**YOUR TASK**
From the entries below, output the line with "OPPO A54 5G" and each following line up to and including the line with "Zotye T600 Coupe, фото 12", exactly as written.

**EXERCISE DATA**
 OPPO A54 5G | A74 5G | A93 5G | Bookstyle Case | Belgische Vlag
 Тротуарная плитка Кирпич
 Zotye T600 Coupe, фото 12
...
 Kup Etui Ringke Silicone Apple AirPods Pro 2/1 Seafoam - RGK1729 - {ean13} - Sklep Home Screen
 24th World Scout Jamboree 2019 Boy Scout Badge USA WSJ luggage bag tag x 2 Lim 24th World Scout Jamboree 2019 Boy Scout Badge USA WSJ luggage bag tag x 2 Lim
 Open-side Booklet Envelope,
==
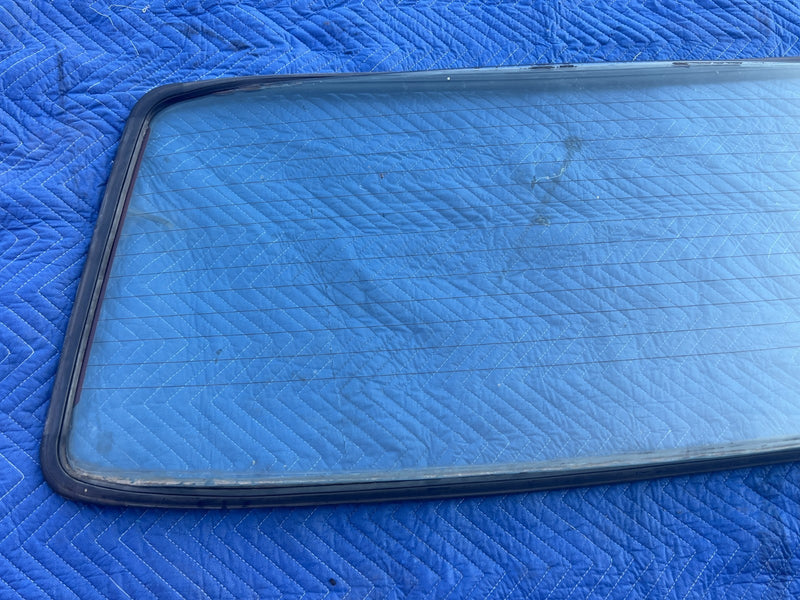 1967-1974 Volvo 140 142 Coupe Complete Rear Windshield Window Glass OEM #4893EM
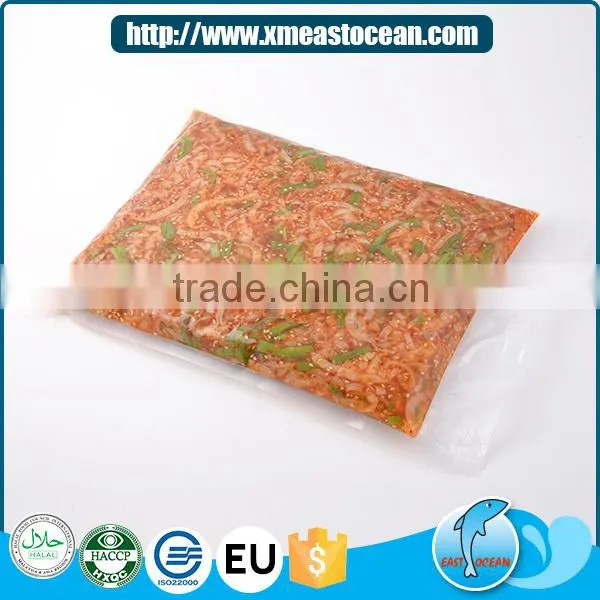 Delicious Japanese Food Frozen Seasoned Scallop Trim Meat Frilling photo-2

**ANSWER FOR THE TASK**
 OPPO A54 5G | A74 5G | A93 5G | Bookstyle Case | Belgische Vlag
 Тротуарная плитка Кирпич
 Zotye T600 Coupe, фото 12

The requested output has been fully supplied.